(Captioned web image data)
^^^^^^^^^^^^^^^^
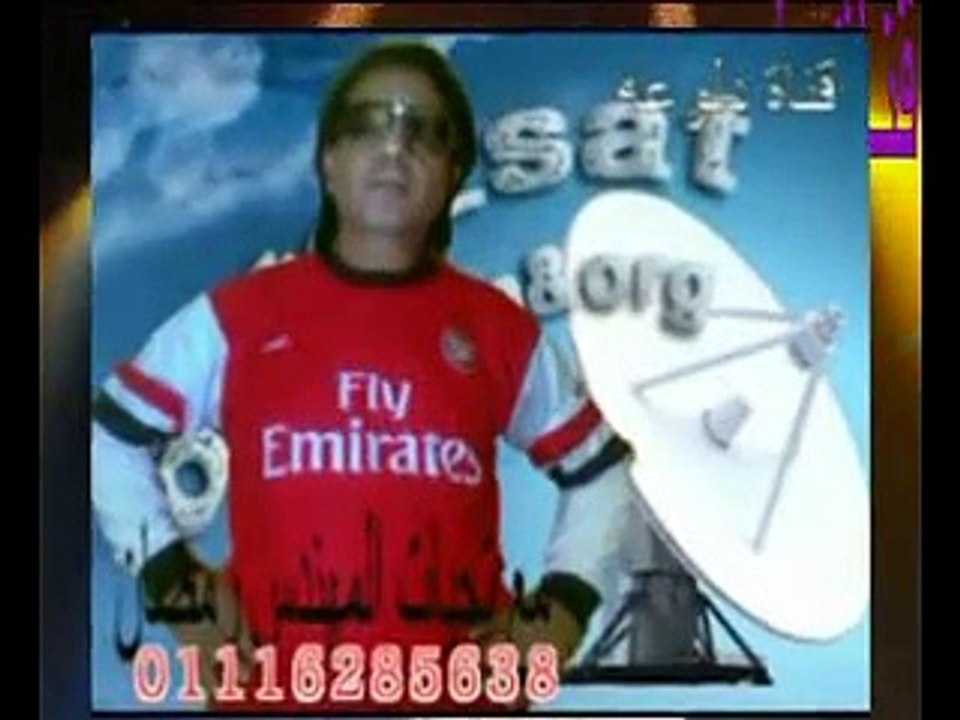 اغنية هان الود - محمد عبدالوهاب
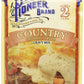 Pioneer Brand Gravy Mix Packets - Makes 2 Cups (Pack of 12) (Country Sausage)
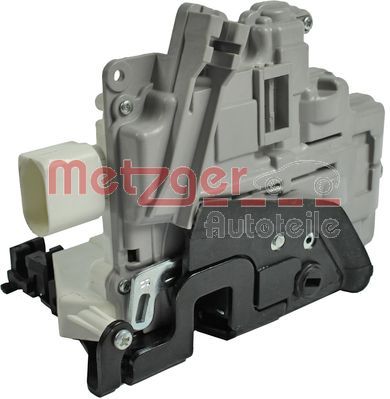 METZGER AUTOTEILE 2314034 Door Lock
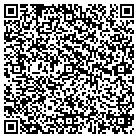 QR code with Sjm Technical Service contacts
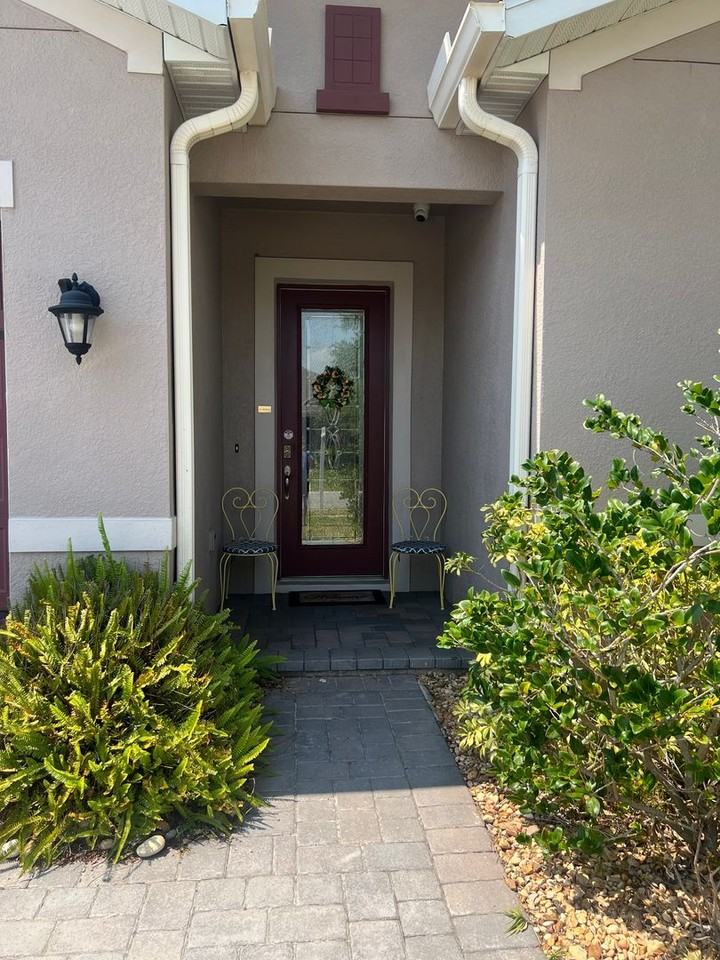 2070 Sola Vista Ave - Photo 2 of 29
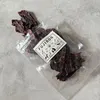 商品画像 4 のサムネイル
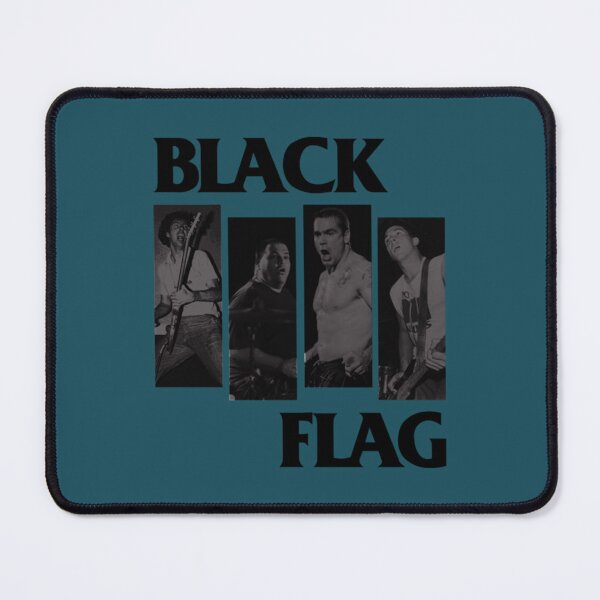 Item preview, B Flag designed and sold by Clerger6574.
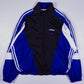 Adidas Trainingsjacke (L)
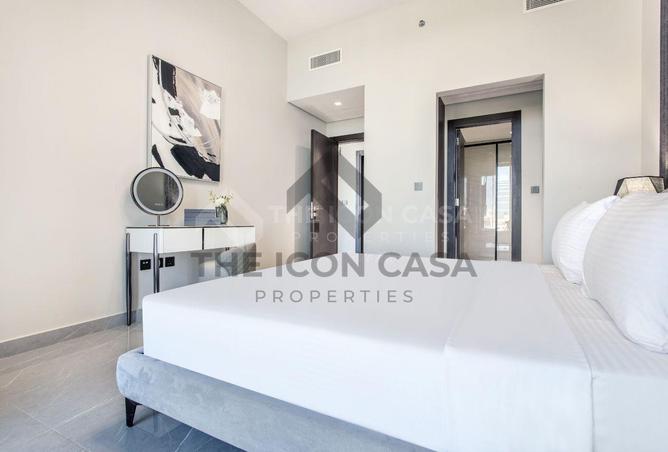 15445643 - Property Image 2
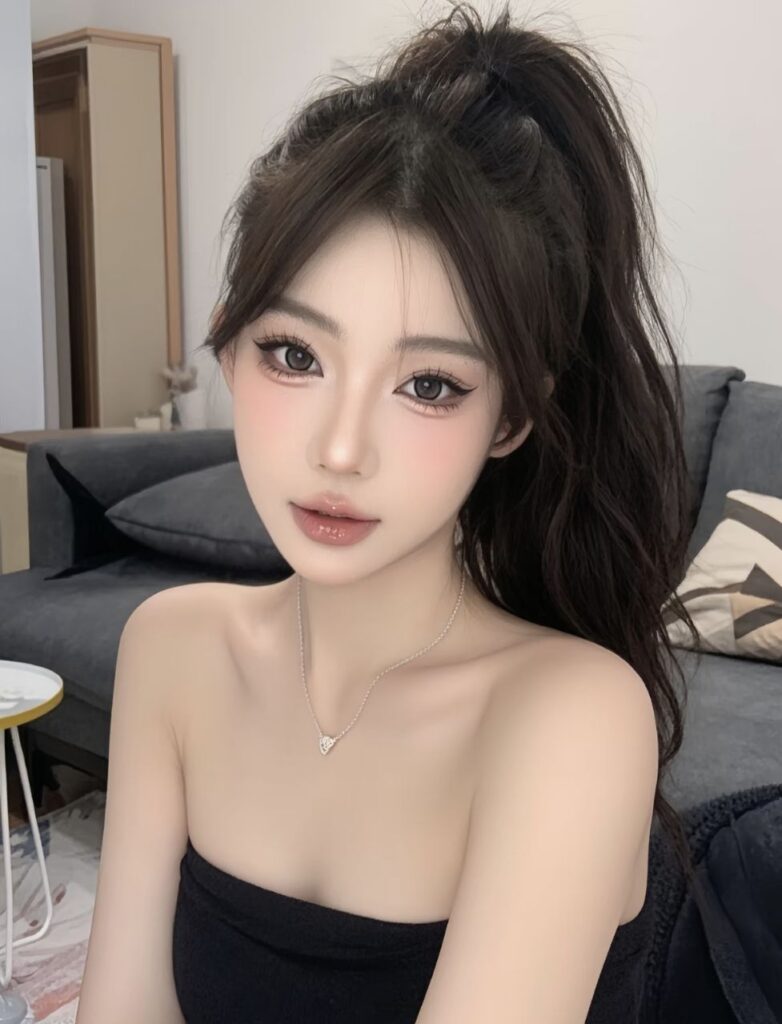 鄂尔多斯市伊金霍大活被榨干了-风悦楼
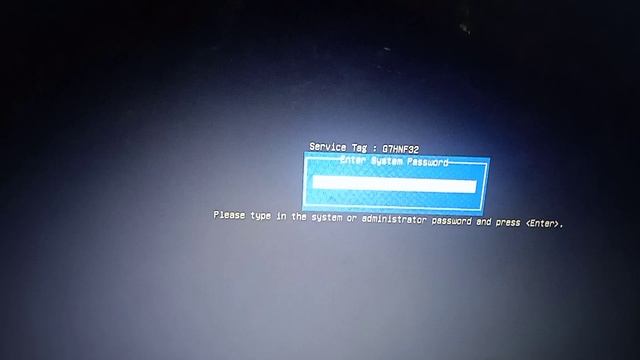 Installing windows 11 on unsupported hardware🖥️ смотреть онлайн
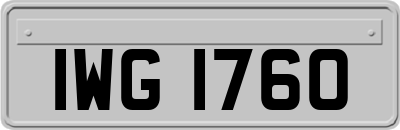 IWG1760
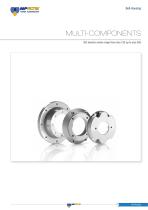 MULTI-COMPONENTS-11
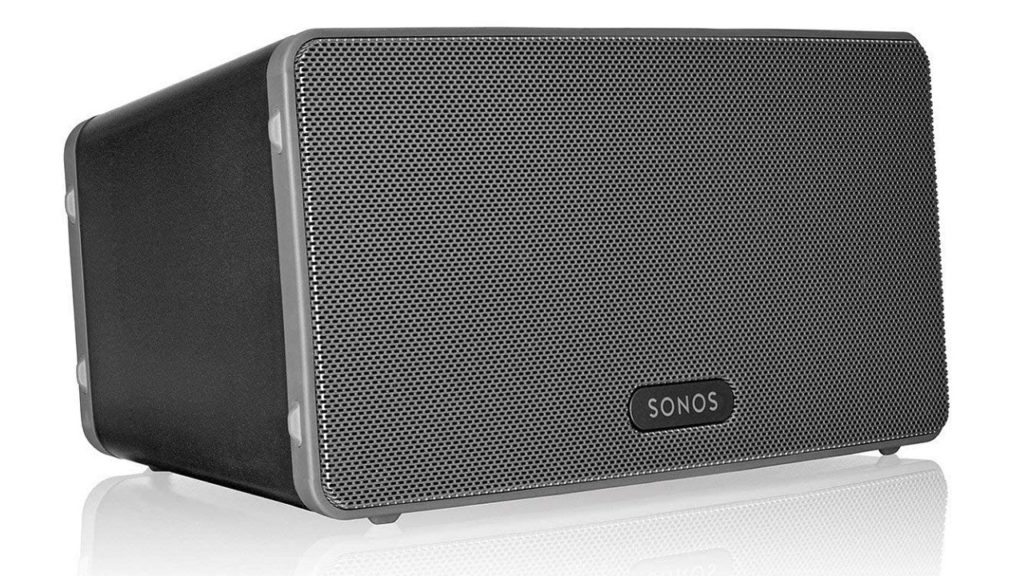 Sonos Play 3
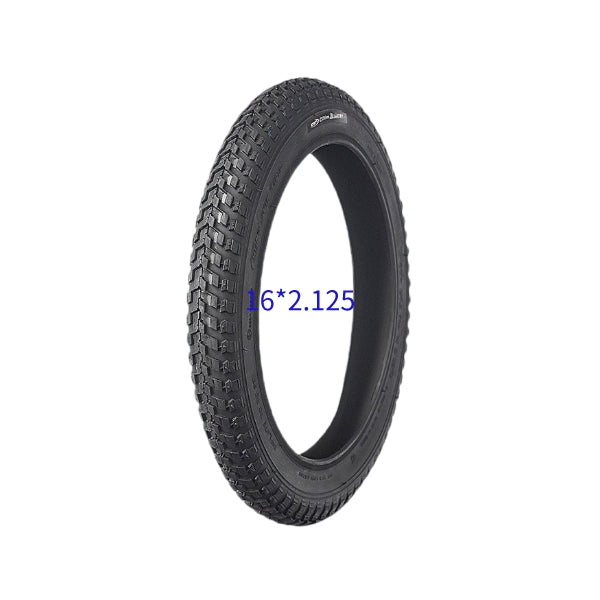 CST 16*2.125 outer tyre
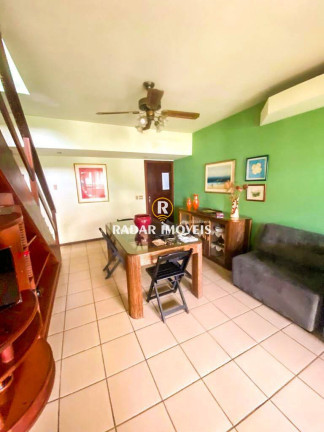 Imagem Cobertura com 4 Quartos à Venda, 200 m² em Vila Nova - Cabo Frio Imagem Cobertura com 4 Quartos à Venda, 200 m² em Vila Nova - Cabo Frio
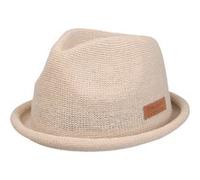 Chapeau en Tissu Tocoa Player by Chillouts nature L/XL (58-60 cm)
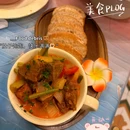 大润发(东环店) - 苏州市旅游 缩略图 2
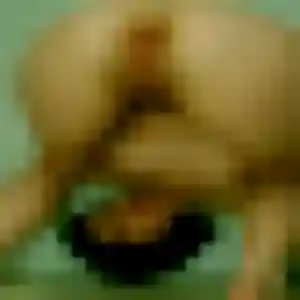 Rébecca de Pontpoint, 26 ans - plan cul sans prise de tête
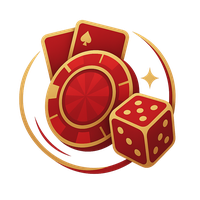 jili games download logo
^^^^^^^^^^^^^^^^
## How to complete this task
Starting with the line that has "MULTI-COMPONENTS-11" and ending with the last line of the records, retype every line exactly and only those lines. Do not include the pictures.

## Response to the exercise
 MULTI-COMPONENTS-11
 Sonos Play 3
 CST 16*2.125 outer tyre
 Imagem Cobertura com 4 Quartos à Venda, 200 m² em Vila Nova - Cabo Frio Imagem Cobertura com 4 Quartos à Venda, 200 m² em Vila Nova - Cabo Frio
 Chapeau en Tissu Tocoa Player by Chillouts nature L/XL (58-60 cm)
 大润发(东环店) - 苏州市旅游 缩略图 2
 Rébecca de Pontpoint, 26 ans - plan cul sans prise de tête
 jili games download logo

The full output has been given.